[Provided records — start]
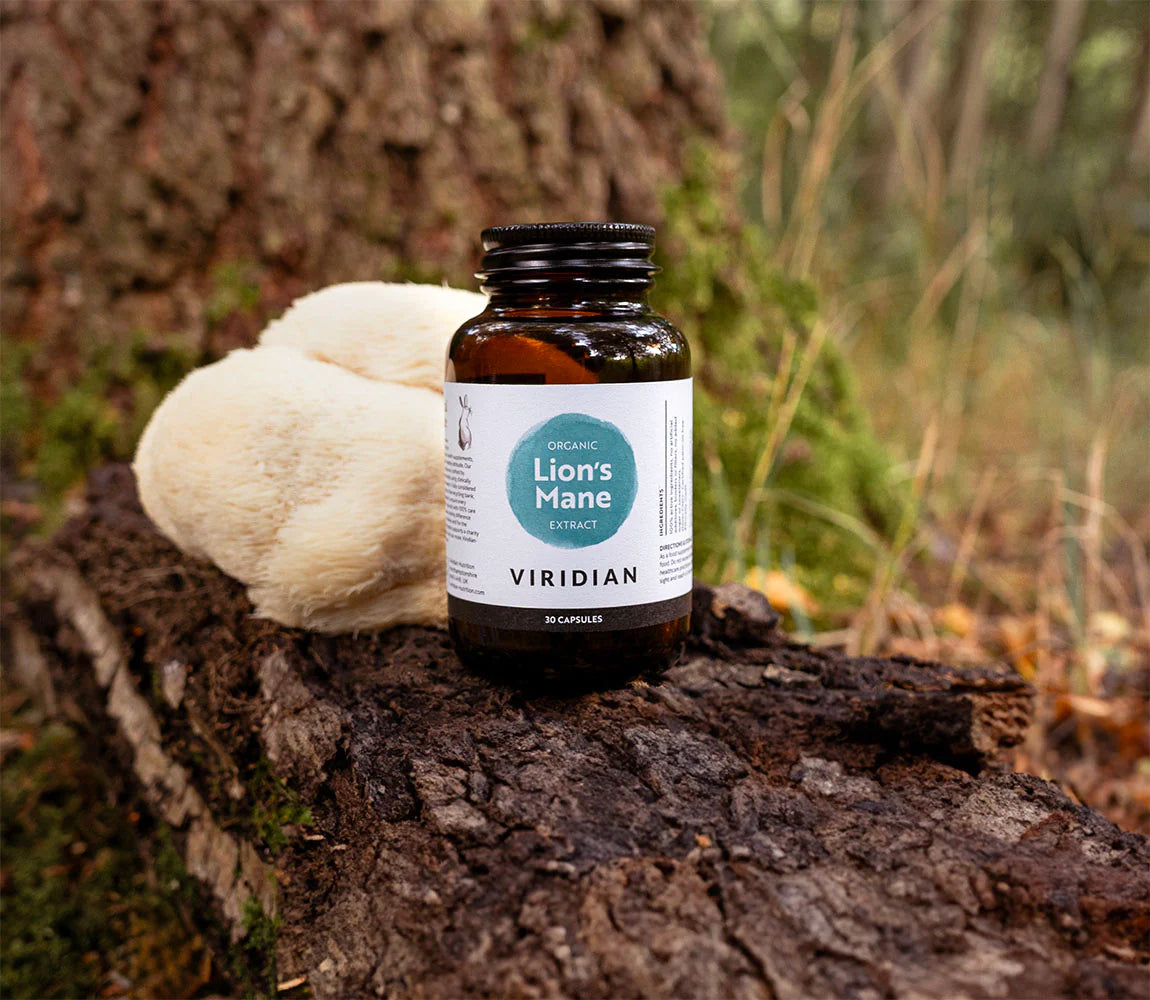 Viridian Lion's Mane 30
[Provided records — finish]
[Provided records — start]
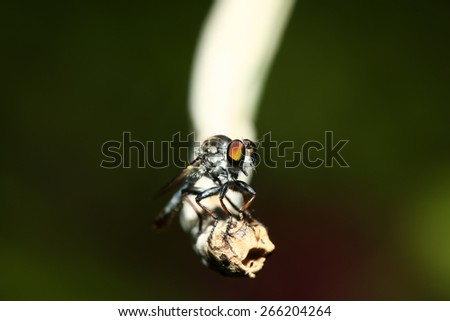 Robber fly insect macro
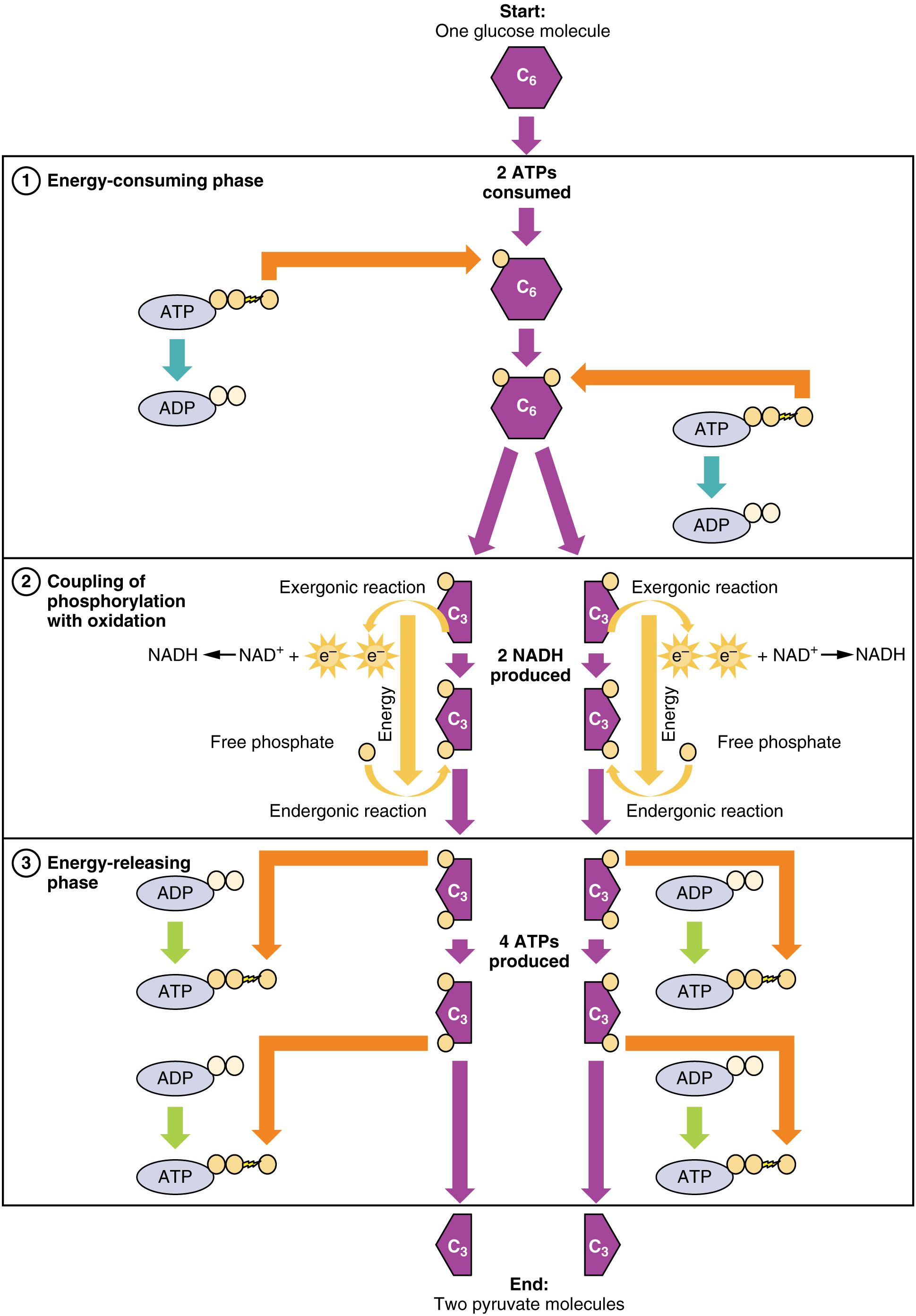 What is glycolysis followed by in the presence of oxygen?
[Provided records — finish]
[Provided records — start]
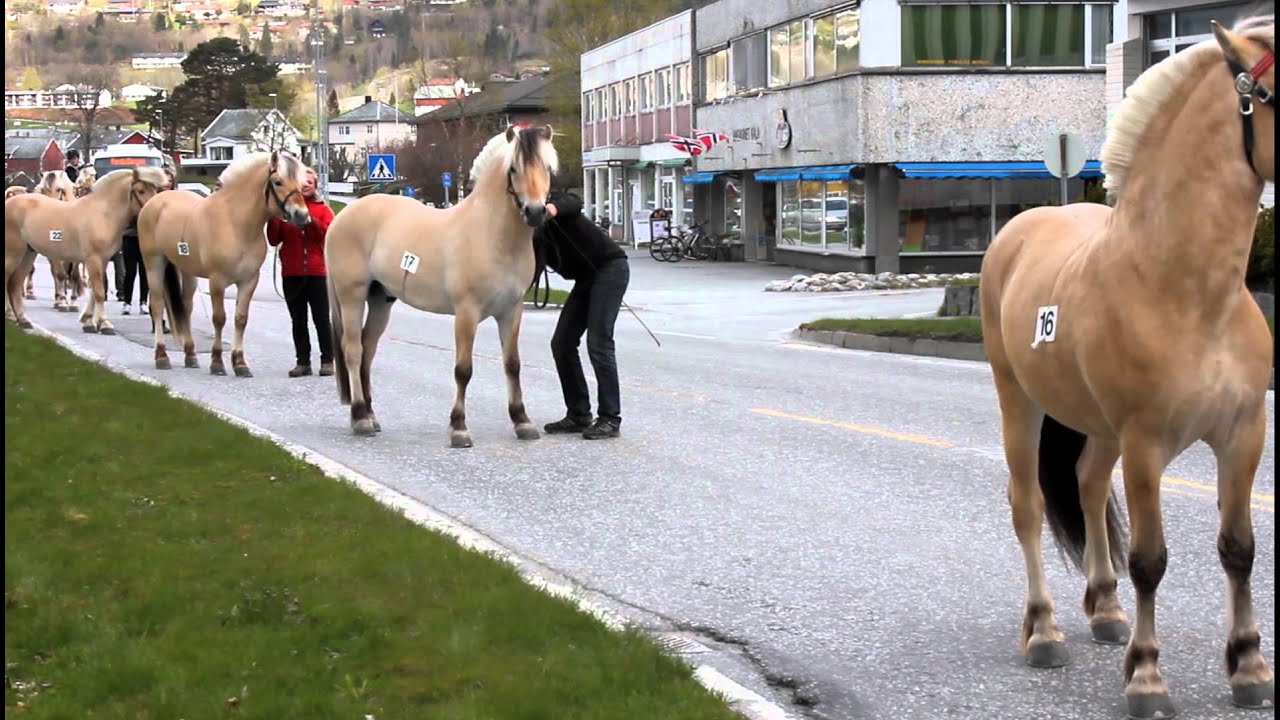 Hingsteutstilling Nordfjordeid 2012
[Provided records — finish]
## Exercise details:
Since the pictures are not part of the copy, please transcribe only the lines above from the one with "Robber fly insect macro" through the one with "What is glycolysis", exactly and with both ends.

## Solution to this problem:
 Robber fly insect macro
 What is glycolysis followed by in the presence of oxygen?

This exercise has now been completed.